With this configuration, Solr is used in standalone mode but you can also use the cloud mode by changing the corresponding config.

Note

You have to create the core/collection manually with the following fields : src_ip, identd, user, bytes_out, http_method, http_version, http_query, http_status

Then, the second processor have to send data to Solr :

# all the parsed records are added to solr by bulk
- processor: solr_publisher
  component: com.hurence.logisland.processor.datastore.BulkPut
  type: processor
  documentation: "indexes processed events in SolR"
  configuration:
    datastore.client.service: datastore_service

2. Launch the script

For this tutorial we will handle some apache logs with a splitText parser and send them to Elastiscearch Connect a shell to your logisland container to launch the following streaming jobs.

For ElasticSearch :

docker exec -i -t logisland bin/logisland.sh --conf conf/index-apache-logs.yml

For Solr :

docker exec -i -t logisland bin/logisland.sh --conf conf/index-apache-logs-solr.yml

3. Inject some Apache logs into the system

Now we’re going to send some logs to logisland_raw Kafka topic.

We could setup a logstash or flume agent to load some apache logs into a kafka topic but there’s a super useful tool in the Kafka ecosystem : kafkacat, a generic command line non-JVM Apache Kafka producer and consumer which can be easily installed.

If you don’t have your own httpd logs available, you can use some freely available log files from NASA-HTTP web site access:

Let’s send the first 500000 lines of NASA http access over July 1995 to LogIsland with kafkacat to logisland_raw Kafka topic

cd /tmp
wget ftp://ita.ee.lbl.gov/traces/NASA_access_log_Jul95.gz
gunzip NASA_access_log_Jul95.gz
head -500000 NASA_access_log_Jul95 | kafkacat -b sandbox:9092 -t logisland_raw

4. Monitor your spark jobs and Kafka topics

Now go to http://sandbox:4050/streaming/ to see how fast Spark can process your data

../_images/spark-job-monitoring.png

Another tool can help you to tweak and monitor your processing http://sandbox:9000/

../_images/kafka-mgr.png

5. Inspect the logs

Kibana

With ElasticSearch, you can use Kibana.

Open up your browser and go to http://sandbox:5601/ and you should be able to explore your apache logs.

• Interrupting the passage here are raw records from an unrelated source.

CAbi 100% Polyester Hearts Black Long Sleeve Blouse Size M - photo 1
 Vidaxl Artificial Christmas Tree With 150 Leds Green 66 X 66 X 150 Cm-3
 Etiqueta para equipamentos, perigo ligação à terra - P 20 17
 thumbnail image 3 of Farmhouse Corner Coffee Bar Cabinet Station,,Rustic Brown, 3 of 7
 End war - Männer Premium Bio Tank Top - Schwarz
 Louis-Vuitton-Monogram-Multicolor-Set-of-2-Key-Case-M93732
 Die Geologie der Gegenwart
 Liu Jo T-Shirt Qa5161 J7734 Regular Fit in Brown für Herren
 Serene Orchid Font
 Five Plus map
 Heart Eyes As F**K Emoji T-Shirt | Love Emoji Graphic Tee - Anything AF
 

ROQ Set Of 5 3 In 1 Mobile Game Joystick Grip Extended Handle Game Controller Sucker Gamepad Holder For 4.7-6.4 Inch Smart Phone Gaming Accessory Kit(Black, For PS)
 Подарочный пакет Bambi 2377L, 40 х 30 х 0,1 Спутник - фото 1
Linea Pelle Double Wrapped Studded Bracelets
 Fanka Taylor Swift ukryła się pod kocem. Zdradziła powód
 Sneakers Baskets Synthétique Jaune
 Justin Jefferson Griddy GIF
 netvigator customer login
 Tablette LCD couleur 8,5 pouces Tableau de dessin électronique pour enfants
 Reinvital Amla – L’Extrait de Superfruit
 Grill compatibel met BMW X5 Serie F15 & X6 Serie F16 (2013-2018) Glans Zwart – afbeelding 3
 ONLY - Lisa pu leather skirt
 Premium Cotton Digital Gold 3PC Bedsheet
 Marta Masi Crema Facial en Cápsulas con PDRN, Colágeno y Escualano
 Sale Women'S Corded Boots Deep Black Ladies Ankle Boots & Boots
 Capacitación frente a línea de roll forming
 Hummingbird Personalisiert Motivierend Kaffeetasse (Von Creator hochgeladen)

Configure a new index pattern with logisland.* as the pattern name and @timestamp as the time value field.

../_images/kibana-configure-index.png

Then if you go to Explore panel for the latest 15’ time window you’ll only see logisland process_metrics events which give you insights about the processing bandwidth of your streams.

../_images/kibana-logisland-metrics.png

As we explore data logs from july 1995 we’ll have to select an absolute time filter from 1995-06-30 to 1995-07-08 to see the events.

../_images/kibana-apache-logs.png

Solr

With Solr, you can directly use the solr web ui.

Open up your browser and go to http://sandbox:8983/solr and you should be able to view your apache logs.

In non cloud mode, use the core selector, to select the core `solr-apache-logs` :

../_images/solr-dashboard.png

Then, go to query and by clicking to Execute Query, you will see some data from your Apache logs :

../_images/solr-query.png